Весьямиэль снова солгал. Слова значили очень многое: императрица вызвала его в свою резиденцию, чтобы вопросить Раш’яла. Этого делать не полагалось: задавать вопросы богу разрешалось не всякий раз, как того пожелаешь, а лишь по большим праздникам, дважды в год, во время ритуального жертвоприношения. Нет, в случае большой нужды позволялось нарушить этот обычай, и императрица приготовила богатую жертву, Весьямиэль знал наверняка. И призвала именно его, а не деда, потому что была уверена в нем, в его лояльности к ее режиму. Весьямиэль долго воспитывал в ней такую уверенность, и вот наконец его старания увенчались успехом. Оставалось только провести церемонию и проговорить то, что желала слышать властолюбивая женщина… и кое-кто еще. И тогда его семья была бы обласкана, сам он стал бы особой, приближенной к императрице, а курс правления немного изменился бы. Самую малость, но так, что стране это принесло бы только благо.
— То есть ты собирался обмануть вашу… вашего вождя? — удивленно спросила Маша.
— Не вижу в этом ничего странного, — поджал губы Весьямиэль. — Мать-императрица желала подтверждения своим идеям. Придворные хотели убедиться, не злоупотребляет ли она властью. Она устраивает нашу семью и многих других как сильный и умелый правитель. И она в курсе, что я не так привержен строгим древним традициям, как дед, потому и вызвала меня. И я знаю, что должен был сказать!
— Почему же она вопрошала не Шейсет? — поинтересовался Раххан. — Она ведь женщина!
— Шейсет не имеет отношения к власти, — холодно ответил тот. — Она олицетворяет собой стихию, силы природы. Раш’ял же не только смерть, но и мудрость, я уже говорил. Упорядоченное и незыблемое среди первозданного хаоса. Вот почему правители обращаются к нему, даже если во главе страны женщина. Разумеется, императрице нужен был посредник. Такой, как я.

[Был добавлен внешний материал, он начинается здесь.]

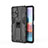 Funda Bumper Silicona y Plastico Mate Carcasa con Magnetico Soporte KC2 para Xiaomi Redmi Note 10 Pro Max Negro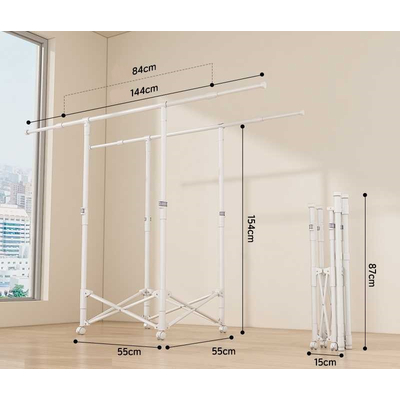 Πτυσσόμενη κρεμάστρα δαπέδου & απλώστρα ρούχων τροχήλατη - SG202601 - 282203 - Black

Он умолк, вновь пытаясь представить, что случилось после его исчезновения. Быть может, это восприняли как знак свыше? Маловероятно, императрица далеко не глупа и, как подозревал Весьямиэль, тоже прекрасно понимала, в каком фарсе участвует. Спектакль для придворных. Интересно, верила ли она сама в богов? Или только в себя и свои силы? Теперь уже не узнать…

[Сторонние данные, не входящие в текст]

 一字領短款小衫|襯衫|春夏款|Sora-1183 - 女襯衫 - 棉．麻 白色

— Это все очень интересно, — произнес вдруг Раххан, — только не объясняет твоей чесотки! Если, как ты говоришь, это обычная татуировка или что-то вроде того, причем давнишняя, с чего бы ей воспалиться?
Весьямиэль молчал.
— Наверно, это все-таки не просто рисунок, а? — продолжал допытываться настырный попутчик. — Только ты об этом никогда не думал, так?